Instantly, my cheeks burned as I realized I had committed a grievous wrong. So great was my shame that it’s blocked out any memory of how, exactly, Jacqueline reacted. All I recall is wishing I could dissolve into metallic goo and seep away through a hole in the ground, a la Alex Mack. I shouldn’t have told her!

I’ve felt guilty about it ever since. Each year, around Christmas, I recall the events of that afternoon and wonder: Did my gaffe kill part of her hopeful, glittering soul? Does she think of me each year by the Christmas tree, her eggnog made bitter by the memory of the day I took an ax to her childish sense of awe and wonder? How often did kids spoil Santa for their classmates?

For the first questions, I turned to Facebook. I sent Jacqueline a message, then waited anxiously for her reply. For the last one, I called my old elementary school teachers.

My second-grade teacher, Robin Bell, put the episode into perspective. “I think maybe you’ve exaggerated it in your mind,” she offered. She’s watched kids hear the truth before, but it has “never destroyed anyone.” Just a few days ago, during a geography lesson on why magnets work, a kid announced that the North Pole is where Santa lives. Another student spat back, “There is no Santa!”

“I was like, ‘Well, that’s what some people think, but there could be a Santa! You never know!’ ” Bell recalled. The child, she said, looked quizzical. Not distraught. The Santa reveal, she said, is less of a problem these days, “because kids are more savvy and sophisticated. They aren’t quite as protected. I think there is less belief in things like that.”

Not so, said my fourth-grade teacher, JoAnn Tennenbaum. Kids still believe. The 30-year teaching veteran has taught many classes split along Santa-belief party lines. To avoid the tension, she sidesteps the subject. But certain topics are Santa minefields. One year, while discussing a charity project, which involved purchasing Christmas presents for poor families, one student asked a logical question: Why did he need to buy gifts for the poor kids? Wouldn’t Santa take care of that? Tennenbaum was stunned. The poor children don’t have mom and dad presents to supplement Santa’s, she sputtered. And Santa could only bring those kids one or two gifts.

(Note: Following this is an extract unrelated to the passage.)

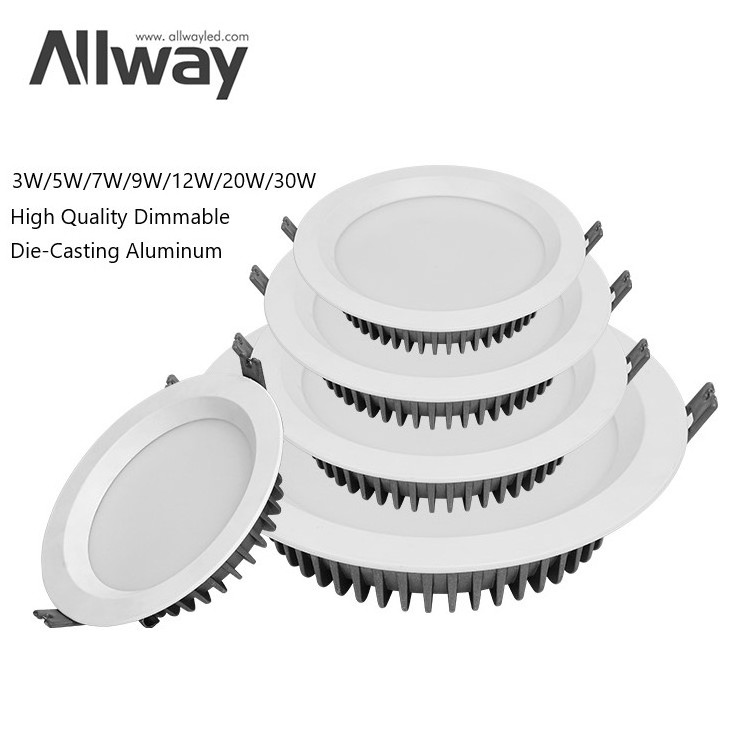 ALLWAY Modern 3 Colors CCT Adjustable Ceiling Smd Down Light Round Recessed Led Downlight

But even the occasional verbal slip-up does little to erode a kid’s ironclad belief. When kids argue about the old man’s existence, zealots tend to distrust the deniers, Tennenbaum says. It’s tougher than you’d think to shake the faith.

So maybe there was hope that I hadn’t destroyed Jacqueline’s childhood. When I saw her reply in my inbox a couple days later, I clicked anxiously. “To be honest,” she wrote, “I have zero recollection of that happening.” A different girl, Carolyn, broke the devastating news, she said. “But maybe it was me who you told and I just blocked it out? Maybe … I just didn’t believe you?”

She didn’t believe me? All those years of guilt for nothing? But apparently, while my Santa denial was merely hearsay, Carolyn had visual evidence to back up her claim. She’d gone to the bathroom in the middle of the night and seen her parents setting up gifts. “She told me in a sort of ‘oh no, I didn’t mean to see but I did …’ kind of way. We were both so horrified!”

Discovering the truth about Santa doesn’t destroy a childhood—it just propels kids forward on the path to adulthood. Jacqueline got over the loss of her fantasy gift-giver. “I don’t ever remember it being super traumatic or scarring,” she told me. “I definitely remember feeling older and wiser now that I knew Santa wasn’t real.”

It seems like it’s the parents who really have a tough time. They’re the ones who wrote in to the Chicago news anchor, the ones who demanded the New York elementary school take action. Even my mother, well after admitting the truth about Santa, kept the Tooth Fairy alive as long as she could (until I woke to find her slipping a silver dollar under my pillow). “It was one of the last vestiges of your childhood,” she told me.

Maybe the person I should’ve apologized to was Jacqueline’s mom.